I am now looking around my office for the hidden cameras... as this has to be a joke. :lol:

Ignoring the rubbish, *DamascSt*, sorry but the answer is no... Discus are not really a good option for your 55g tank. As mentioned above, have you considered Angelfish?


----------



## jd lover (Mar 11, 2011)

Honestly I question if you have ever even kept discus. If its such rubbish why does all Tue experienced discus keeper recommends 10g per discus with height more important than length. And also you own link said a 55can house 5-6 discus. Is that not 10g per discus? And also if it was really inaccurate as you claim why do all reputable website say THE EXACT SAME thing?


----------



## phishNfilly (May 22, 2011)

Hello Guys,

I am not new to fish keeping but would be new to Discus if I venture into this. I have read the above posts and still will ask my questions so please don't slap me  I have a 46 bowfront aquarium ( be kind ) that I have always wanted to have just a pair of Discus. I don't want to breed them I just want a pair period. I see you recommend 3-5 discus, now is this a rule laid in stone? Is it impossible to have just a pair in a 46 bowfront? I really don't want 3-5 starting off with these fish. Also is there such a thing as a "starter discus "? I dont want a fancy high priced Discus, I just want something pretty to look at and possibly photograph well, I am not out to win awards but don't want a crappy fish either  . Also, price of Discus, how much money are we talking here per Discus for say just a nice looking fish but not a "OMG I am re-mortgaging my house Discus"? If I am successful with a few discus then possibly I might consider a 75 and 3-5 Discus, or should I just let the idea go of having a few of these simply gorgeous disc shapped fish  ! I am going to go to a LFS tomorrow and I will talk to the owner who has some beauties up there, I just don't want to go with no information at all under my belt. They want to sell fish and it's understandable but I need to do some homework so I don't get blindsided. Thanks for listening. Julia :?


----------



## BelieveInBlue (Jul 17, 2011)

A pair of discus can work in a 46 yes. BUT, it HAS to be a true pair, otherwise they might bicker and fight, and that may not end well. Of course, if they ARE a true pair, they'll probably end up breeding anyways. As for price, most of my discus over here cost between 50 and 100 dollars each for a 3-4 inch individual. True mated pairs usually cost quite a bit more though. Honestly though, discus a nor forgiving fish; they won't tolerate mistakes very well. If you really want to start a discus tank, I'd say get as big of a tank as you can that is at least 4 feet and 75 gallons, then find a reputable dealer or breeder who has healthy discus for a fair price, and obtain 6 or more juveniles and start from there. And there isn't really a starter discus, since they're all colour morphs of the same fish (symphysodon equifasciatus).
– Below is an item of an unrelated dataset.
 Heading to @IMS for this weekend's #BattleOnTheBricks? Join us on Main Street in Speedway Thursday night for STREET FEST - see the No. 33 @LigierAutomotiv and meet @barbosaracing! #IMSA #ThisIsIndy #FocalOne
PS: next time, start your own thread. You'll probably get more responses, and you won't be hijacking someone else's thread.


----------



## jd lover (Mar 11, 2011)

Since you already hijack I might aswell answer. How big is you bow front from front to back as that's important. A pair will work if they have room to in the tank and if its a proven pair they WILL breed. If not one will most likely die. A pair of discus are gonna run you anywhere from 2x the price of one on you're area up to 5x+. Depending on the quality


----------



## phishNfilly (May 22, 2011)

I didn't realize I was hijacking, I just thought it was open discussion on discus. Forgive me.  
Thanks for the information, I will take it all into consideration if and when I do decide for sure what to do with this tank size problem. Thanks and sorry for the hijack. Julia


----------



## Number6 (Mar 13, 2003)

*phishNfilly*
3 to 5 Discus is actually the number of Discus that is not recommendable. They usually kill each other off at those numbers.
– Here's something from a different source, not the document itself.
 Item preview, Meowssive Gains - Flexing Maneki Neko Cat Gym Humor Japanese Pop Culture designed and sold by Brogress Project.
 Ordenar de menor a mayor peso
You might also want to see if you can find a Discus with the personality that would be fine on its own. A single Discus in a 46g bowfront could be a very fun setup. I have pAid as little as 10 dollars from a lfs for Discus and as much as 30. Shop around....


----------



## phishNfilly (May 22, 2011)

Number thanks for the shot in the arm. I am off to go see some discus today just to see what I have out there. I will start my own thread after this post. Julie


----------